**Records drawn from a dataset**
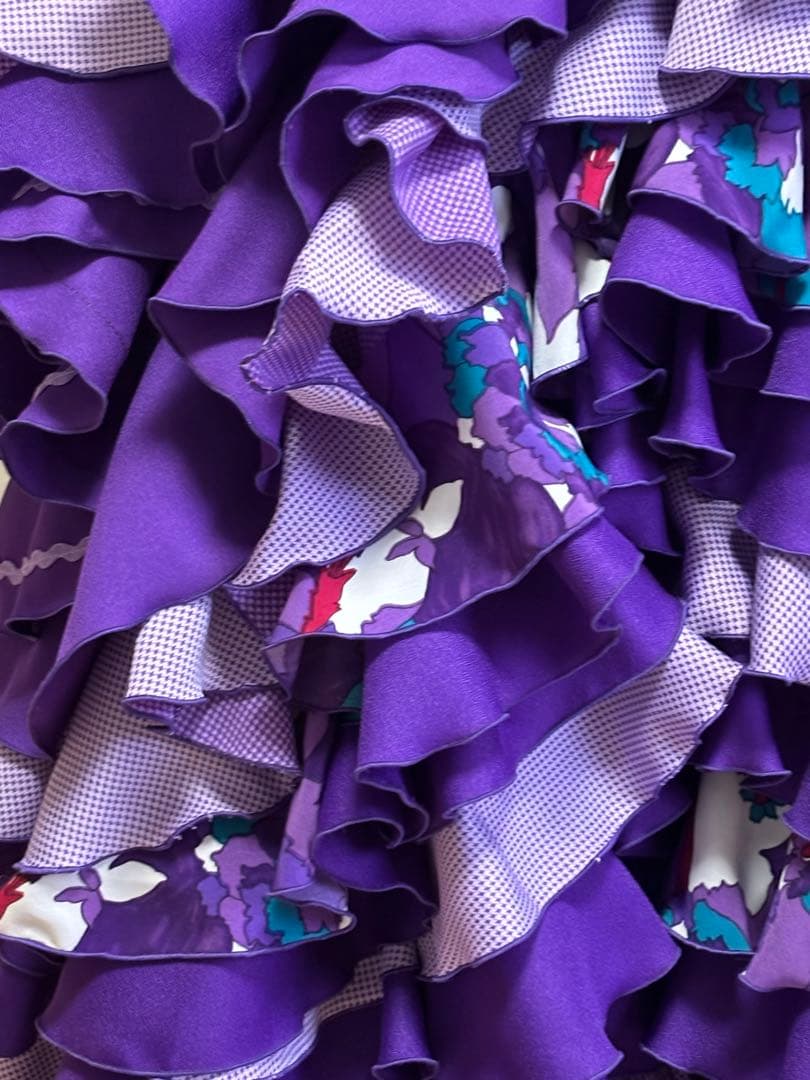 お値下げ♥　フラメンコ　ファルダ 　紫 　後ろ上がりボランテ　ゆとりサイズ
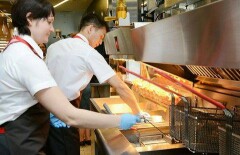  McDonald’s пустил казахстанских журналистов на кухню под расписку, что они не больны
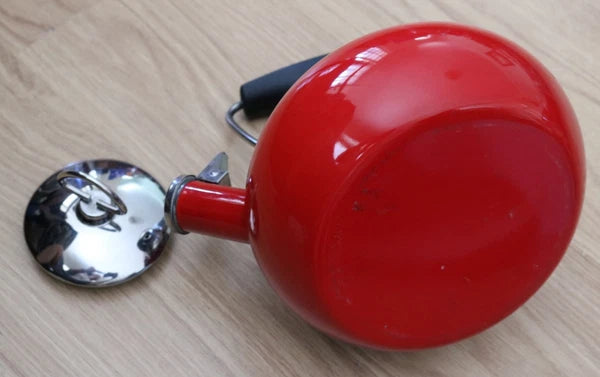 Chantal Whistling Tea Kettle Teapot Red Cherry Enamel 2qt Pre Owned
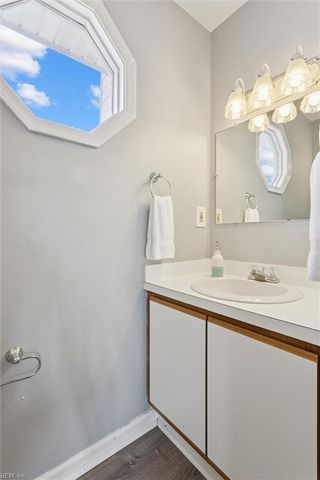 824 W Ocean View Ave Apt J, Norfolk, VA 23503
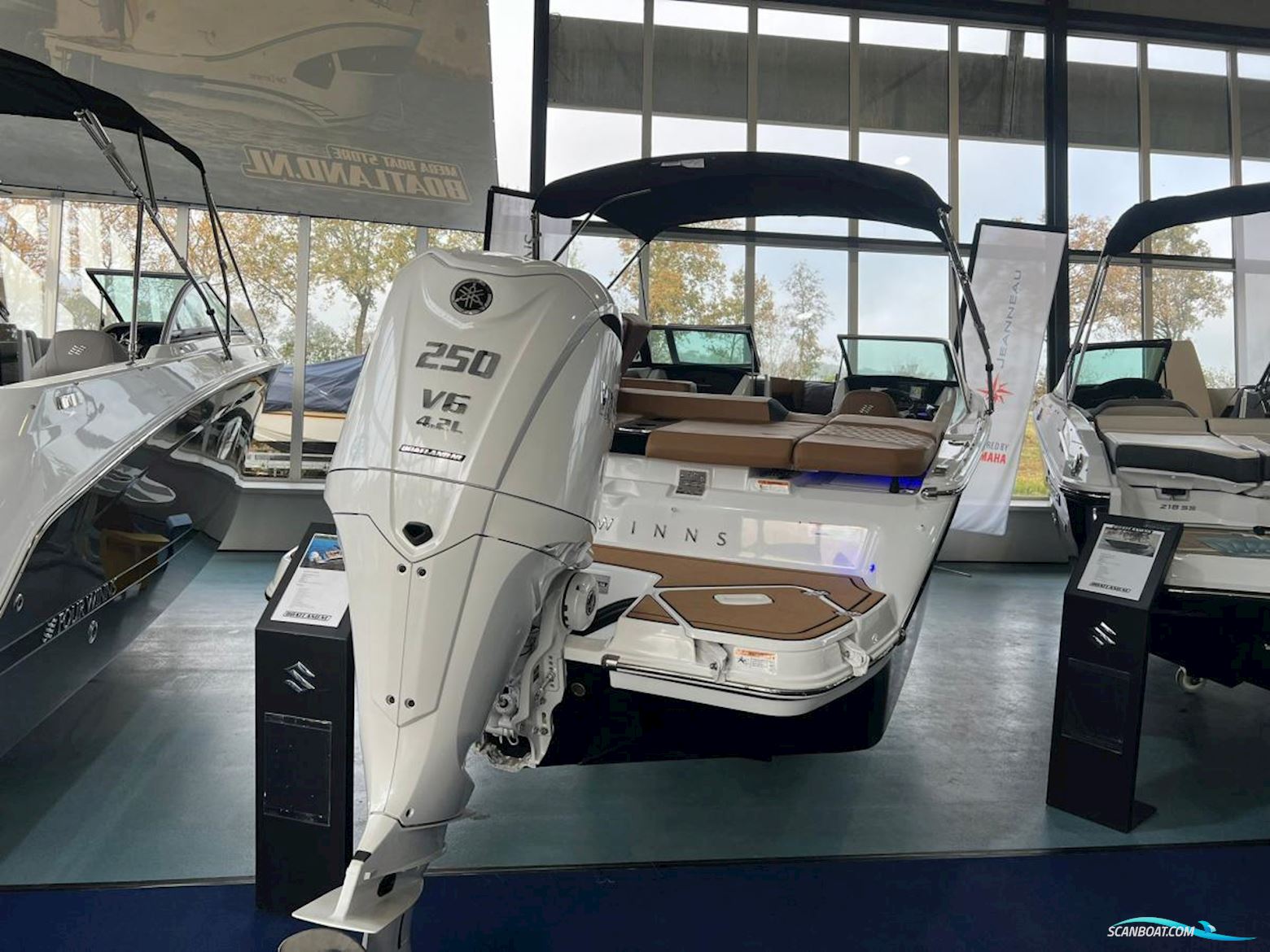 Yamaha F250XSB2 Steer by Wire Kleur WIt  DEMO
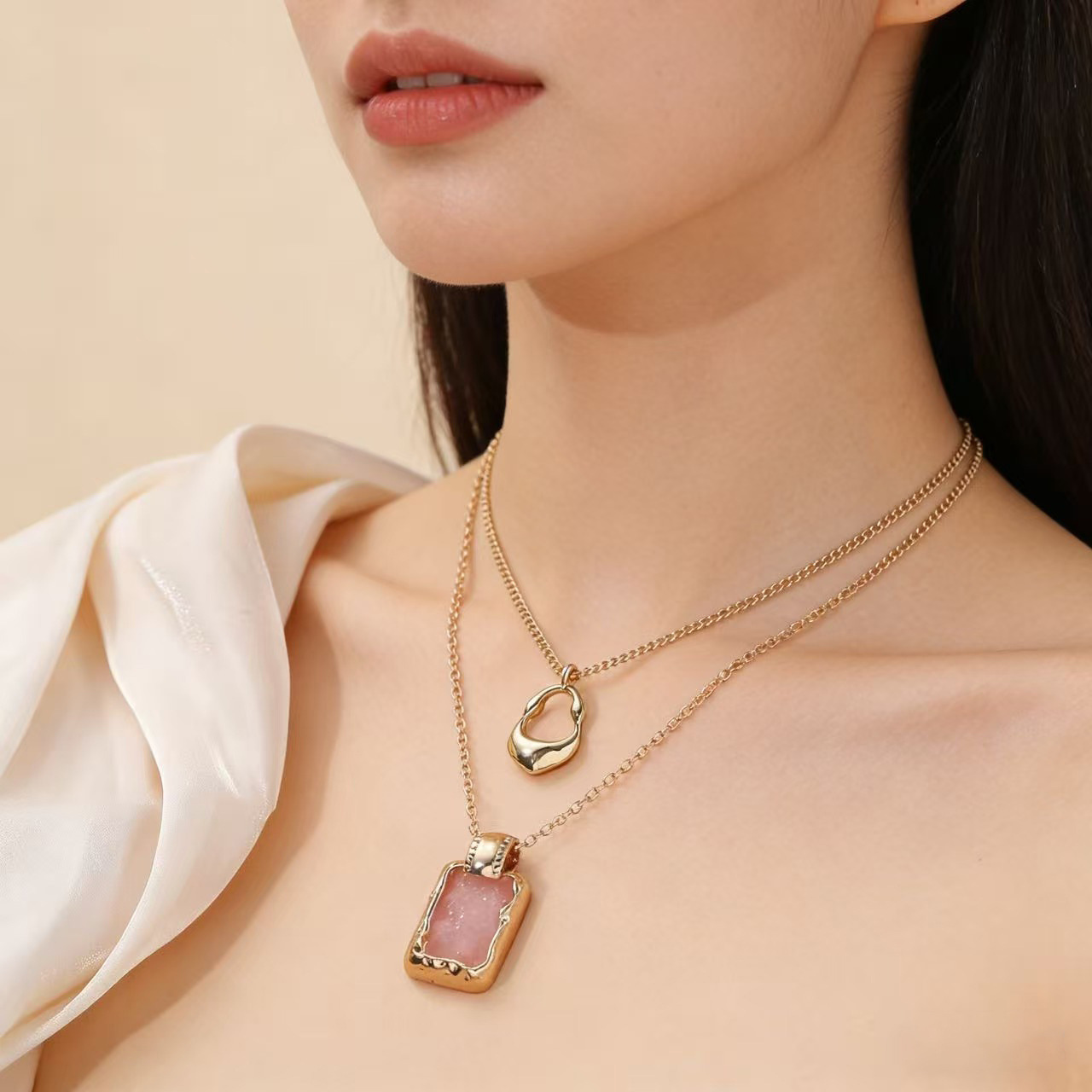 Collana a strati minimalista con catene delicate da donna_voghion.com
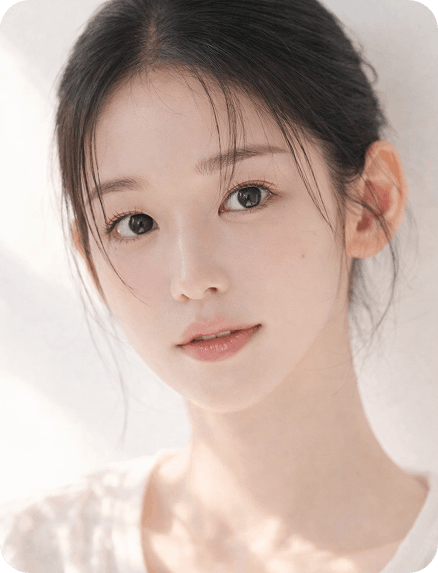 Woman with firm skin and a defined facial contour representing Lijin Clinic lifting treatment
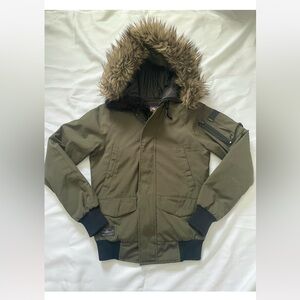 Aritzia Down Bomber Jacket TNA Mountaneering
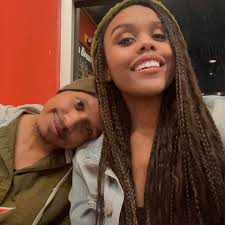 Today!! Is my KING's birthday!! Jear! Love youuuu so much let's make this  anal amazing year following Jesus! ❤️@thedavidway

**WHAT IS NEEDED**
With the pictures left out, transcribe exactly the lines from the line holding "Woman with firm" through the closing line of the entries.

**RESULT OF THIS EXERCISE**
 Woman with firm skin and a defined facial contour representing Lijin Clinic lifting treatment
 Aritzia Down Bomber Jacket TNA Mountaneering
 Today!! Is my KING's birthday!! Jear! Love youuuu so much let's make this  anal amazing year following Jesus! ❤️@thedavidway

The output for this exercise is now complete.